[[ DATASET EXCERPT open ]]

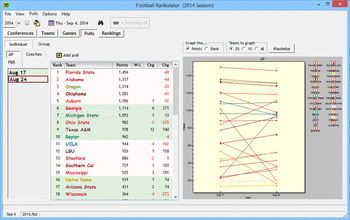 Football Rankulator screenshot 4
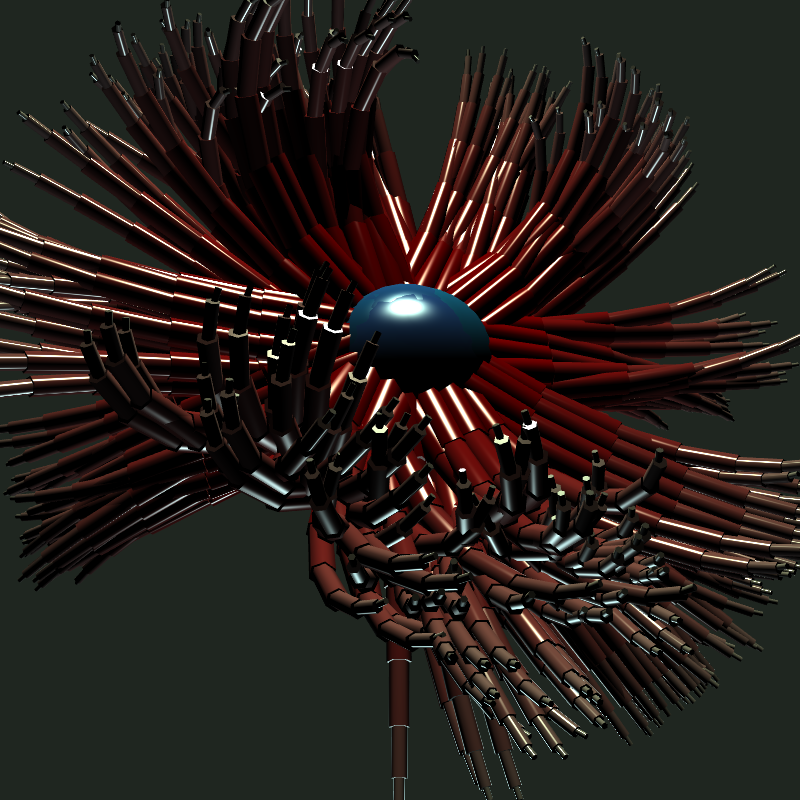 Entangled Miasma #3 static token preview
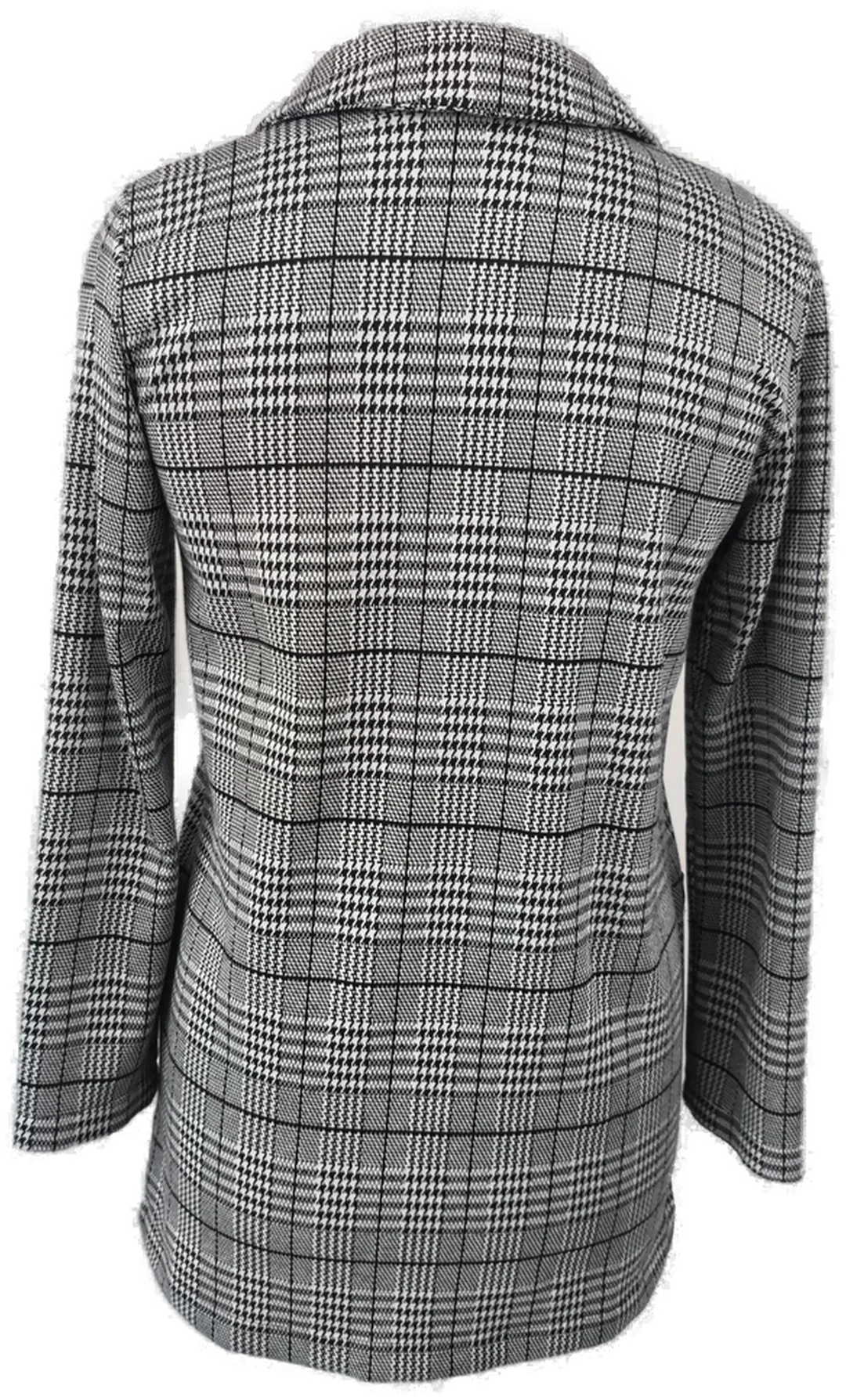 bequeme Blazerjacke, ohne Etikett – Bild 4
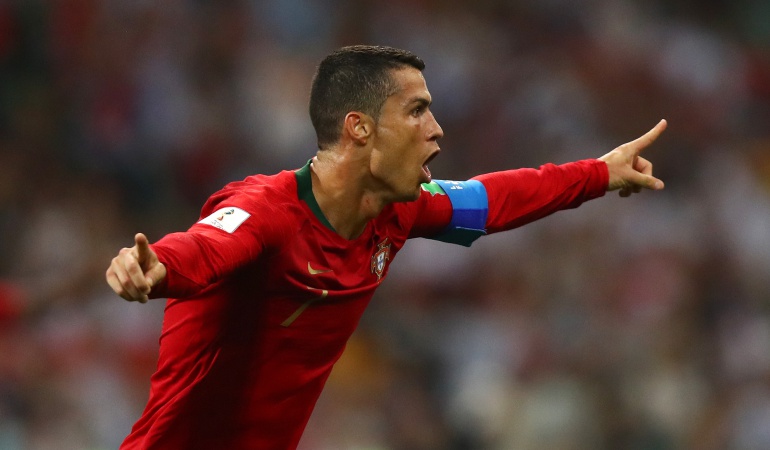 Portugal 3-3 España Mundial 2018: Partidazo en Sochi: Portugal y España igualan 3-3 con triplete de Ronaldo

[[ DATASET EXCERPT closed ]]

_THE PROBLEM_. A faithful copy of the data above is wanted, with every image left out.

_EXERCISE OUTPUT_.
 Football Rankulator screenshot 4
 Entangled Miasma #3 static token preview
 bequeme Blazerjacke, ohne Etikett – Bild 4
 Portugal 3-3 España Mundial 2018: Partidazo en Sochi: Portugal y España igualan 3-3 con triplete de Ronaldo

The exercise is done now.